§ **Saved entries**:
========
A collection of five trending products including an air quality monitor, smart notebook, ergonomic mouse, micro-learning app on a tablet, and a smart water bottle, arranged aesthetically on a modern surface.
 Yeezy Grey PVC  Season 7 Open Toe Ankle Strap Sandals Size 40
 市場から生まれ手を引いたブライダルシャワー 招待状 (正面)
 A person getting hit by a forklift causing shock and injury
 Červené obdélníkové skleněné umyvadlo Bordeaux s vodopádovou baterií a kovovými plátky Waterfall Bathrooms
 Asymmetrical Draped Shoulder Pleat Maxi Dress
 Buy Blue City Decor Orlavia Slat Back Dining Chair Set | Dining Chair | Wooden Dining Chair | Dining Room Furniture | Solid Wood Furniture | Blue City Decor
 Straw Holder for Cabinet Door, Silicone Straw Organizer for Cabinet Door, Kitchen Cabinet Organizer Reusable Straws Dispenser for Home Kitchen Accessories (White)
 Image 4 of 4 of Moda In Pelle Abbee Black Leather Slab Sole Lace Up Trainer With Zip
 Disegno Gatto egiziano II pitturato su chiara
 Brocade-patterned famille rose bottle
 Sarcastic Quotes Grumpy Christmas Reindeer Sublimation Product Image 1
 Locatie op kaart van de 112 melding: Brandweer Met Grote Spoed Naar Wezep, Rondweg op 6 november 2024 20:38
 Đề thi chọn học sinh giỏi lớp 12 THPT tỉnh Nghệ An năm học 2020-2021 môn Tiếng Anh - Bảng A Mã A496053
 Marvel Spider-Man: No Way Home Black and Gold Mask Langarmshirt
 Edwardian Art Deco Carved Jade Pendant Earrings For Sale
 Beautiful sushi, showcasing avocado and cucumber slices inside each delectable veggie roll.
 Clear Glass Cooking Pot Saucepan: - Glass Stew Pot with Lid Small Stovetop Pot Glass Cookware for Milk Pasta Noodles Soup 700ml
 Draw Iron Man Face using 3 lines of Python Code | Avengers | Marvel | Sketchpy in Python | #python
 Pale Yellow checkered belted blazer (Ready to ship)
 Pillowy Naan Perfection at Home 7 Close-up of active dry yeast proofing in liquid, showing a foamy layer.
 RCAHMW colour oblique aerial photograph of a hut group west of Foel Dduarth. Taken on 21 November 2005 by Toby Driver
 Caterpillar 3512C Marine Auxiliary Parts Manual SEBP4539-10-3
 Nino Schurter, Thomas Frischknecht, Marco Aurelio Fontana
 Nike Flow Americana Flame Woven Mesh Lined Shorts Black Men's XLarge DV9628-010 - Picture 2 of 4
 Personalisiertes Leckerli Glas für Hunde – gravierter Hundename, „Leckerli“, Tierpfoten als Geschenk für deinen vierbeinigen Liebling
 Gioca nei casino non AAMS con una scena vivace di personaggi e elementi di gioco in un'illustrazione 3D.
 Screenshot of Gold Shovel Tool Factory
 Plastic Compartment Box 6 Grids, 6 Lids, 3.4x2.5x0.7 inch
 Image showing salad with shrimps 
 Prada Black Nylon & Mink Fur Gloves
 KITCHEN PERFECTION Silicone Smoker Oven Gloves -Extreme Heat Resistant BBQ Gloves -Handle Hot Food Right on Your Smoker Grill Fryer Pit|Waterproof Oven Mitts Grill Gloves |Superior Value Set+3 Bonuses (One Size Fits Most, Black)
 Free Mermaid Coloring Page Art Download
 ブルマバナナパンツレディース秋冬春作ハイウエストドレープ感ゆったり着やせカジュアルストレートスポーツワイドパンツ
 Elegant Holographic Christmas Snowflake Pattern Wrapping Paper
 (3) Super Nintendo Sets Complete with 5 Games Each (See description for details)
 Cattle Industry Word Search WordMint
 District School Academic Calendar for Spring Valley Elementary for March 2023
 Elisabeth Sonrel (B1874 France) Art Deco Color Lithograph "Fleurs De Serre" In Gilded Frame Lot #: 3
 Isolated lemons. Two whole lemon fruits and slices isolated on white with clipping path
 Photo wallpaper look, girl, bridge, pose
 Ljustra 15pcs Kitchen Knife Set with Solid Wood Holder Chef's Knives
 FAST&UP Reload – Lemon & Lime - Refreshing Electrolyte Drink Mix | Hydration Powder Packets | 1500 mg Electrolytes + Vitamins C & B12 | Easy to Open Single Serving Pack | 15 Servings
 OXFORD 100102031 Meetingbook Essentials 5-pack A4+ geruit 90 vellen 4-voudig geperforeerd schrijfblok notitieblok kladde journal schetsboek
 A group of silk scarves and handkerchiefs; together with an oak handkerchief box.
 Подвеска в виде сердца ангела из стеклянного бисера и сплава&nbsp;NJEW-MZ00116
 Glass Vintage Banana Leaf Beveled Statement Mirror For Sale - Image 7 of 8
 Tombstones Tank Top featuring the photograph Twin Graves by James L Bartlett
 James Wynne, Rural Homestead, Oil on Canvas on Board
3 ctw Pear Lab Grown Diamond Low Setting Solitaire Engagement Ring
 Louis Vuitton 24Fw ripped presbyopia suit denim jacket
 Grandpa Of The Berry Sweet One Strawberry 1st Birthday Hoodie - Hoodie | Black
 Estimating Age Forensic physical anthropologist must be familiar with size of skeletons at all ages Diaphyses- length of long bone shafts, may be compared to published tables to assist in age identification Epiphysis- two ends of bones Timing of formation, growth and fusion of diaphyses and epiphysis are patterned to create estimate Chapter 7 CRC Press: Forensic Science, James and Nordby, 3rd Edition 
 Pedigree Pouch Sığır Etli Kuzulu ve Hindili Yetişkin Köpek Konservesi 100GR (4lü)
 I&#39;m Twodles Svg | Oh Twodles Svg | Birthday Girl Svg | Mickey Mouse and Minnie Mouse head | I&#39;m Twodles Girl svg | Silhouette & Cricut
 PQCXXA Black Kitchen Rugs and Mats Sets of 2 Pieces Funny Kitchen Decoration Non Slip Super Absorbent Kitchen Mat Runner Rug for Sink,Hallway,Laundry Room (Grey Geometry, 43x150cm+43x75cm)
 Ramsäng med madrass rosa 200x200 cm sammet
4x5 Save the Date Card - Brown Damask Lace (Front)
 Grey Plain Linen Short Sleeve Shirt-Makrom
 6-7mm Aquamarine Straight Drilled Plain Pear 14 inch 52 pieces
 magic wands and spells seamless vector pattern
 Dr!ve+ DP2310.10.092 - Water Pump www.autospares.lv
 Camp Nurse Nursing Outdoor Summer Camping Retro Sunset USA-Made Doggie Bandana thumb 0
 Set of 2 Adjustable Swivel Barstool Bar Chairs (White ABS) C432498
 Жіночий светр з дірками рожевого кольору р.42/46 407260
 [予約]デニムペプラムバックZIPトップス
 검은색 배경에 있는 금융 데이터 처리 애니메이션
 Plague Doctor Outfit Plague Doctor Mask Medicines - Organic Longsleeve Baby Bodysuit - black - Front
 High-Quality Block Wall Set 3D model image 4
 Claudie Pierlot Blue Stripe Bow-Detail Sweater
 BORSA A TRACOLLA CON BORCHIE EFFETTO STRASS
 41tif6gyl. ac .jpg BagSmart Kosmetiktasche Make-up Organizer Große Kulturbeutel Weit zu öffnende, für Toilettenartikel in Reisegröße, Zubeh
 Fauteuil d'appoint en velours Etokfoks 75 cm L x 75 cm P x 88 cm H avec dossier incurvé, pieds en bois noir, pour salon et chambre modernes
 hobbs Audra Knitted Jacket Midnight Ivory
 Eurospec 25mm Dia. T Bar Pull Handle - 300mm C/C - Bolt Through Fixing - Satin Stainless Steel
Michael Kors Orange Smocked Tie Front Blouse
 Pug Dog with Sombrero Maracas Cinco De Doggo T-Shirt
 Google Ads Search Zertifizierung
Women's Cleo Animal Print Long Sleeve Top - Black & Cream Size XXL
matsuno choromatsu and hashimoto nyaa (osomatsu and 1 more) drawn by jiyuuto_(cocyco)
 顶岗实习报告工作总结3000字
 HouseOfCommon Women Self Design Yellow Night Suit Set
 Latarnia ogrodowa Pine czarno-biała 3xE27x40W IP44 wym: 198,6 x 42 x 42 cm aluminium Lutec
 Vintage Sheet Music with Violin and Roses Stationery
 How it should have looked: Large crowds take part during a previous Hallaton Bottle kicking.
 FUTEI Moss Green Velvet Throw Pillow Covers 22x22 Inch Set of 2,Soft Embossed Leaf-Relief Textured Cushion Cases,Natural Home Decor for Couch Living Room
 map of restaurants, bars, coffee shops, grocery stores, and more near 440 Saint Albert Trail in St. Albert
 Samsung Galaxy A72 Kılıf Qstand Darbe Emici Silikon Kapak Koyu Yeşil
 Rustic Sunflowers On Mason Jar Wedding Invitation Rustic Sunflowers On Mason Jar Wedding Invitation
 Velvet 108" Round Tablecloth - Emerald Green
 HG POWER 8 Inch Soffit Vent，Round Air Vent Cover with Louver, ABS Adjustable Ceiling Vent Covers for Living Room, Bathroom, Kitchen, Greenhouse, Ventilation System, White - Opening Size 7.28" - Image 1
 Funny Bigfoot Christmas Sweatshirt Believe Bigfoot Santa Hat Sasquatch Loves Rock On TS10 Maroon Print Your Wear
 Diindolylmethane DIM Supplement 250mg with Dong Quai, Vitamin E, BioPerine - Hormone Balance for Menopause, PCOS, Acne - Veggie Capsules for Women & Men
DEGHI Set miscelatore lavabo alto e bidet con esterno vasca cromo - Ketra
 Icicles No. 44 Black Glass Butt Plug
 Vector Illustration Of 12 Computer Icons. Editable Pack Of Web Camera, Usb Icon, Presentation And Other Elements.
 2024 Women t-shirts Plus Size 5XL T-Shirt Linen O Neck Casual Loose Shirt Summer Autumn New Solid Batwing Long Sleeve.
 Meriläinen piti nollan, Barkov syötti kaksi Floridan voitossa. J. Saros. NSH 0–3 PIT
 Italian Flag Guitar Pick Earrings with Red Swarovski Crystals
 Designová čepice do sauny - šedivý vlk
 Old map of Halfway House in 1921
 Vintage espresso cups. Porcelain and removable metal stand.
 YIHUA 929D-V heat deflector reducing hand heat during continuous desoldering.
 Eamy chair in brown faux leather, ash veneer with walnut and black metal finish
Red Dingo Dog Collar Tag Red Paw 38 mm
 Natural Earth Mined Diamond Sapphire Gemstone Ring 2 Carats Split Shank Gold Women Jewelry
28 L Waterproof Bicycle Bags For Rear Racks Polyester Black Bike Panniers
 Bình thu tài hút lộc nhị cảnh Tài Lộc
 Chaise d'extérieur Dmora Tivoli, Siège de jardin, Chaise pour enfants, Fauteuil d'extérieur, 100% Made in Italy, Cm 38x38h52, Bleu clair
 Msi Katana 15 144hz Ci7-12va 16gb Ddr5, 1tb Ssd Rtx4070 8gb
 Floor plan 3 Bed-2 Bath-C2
========
§ **The task**: Take the lines above from the one containing "Google Ads Search Zertifizierung" to the one containing "How it should" and retype them exactly, both ends included, with nothing added.

§ **Exercise response**:
 Google Ads Search Zertifizierung
Women's Cleo Animal Print Long Sleeve Top - Black & Cream Size XXL
matsuno choromatsu and hashimoto nyaa (osomatsu and 1 more) drawn by jiyuuto_(cocyco)
 顶岗实习报告工作总结3000字
 HouseOfCommon Women Self Design Yellow Night Suit Set
 Latarnia ogrodowa Pine czarno-biała 3xE27x40W IP44 wym: 198,6 x 42 x 42 cm aluminium Lutec
 Vintage Sheet Music with Violin and Roses Stationery
 How it should have looked: Large crowds take part during a previous Hallaton Bottle kicking.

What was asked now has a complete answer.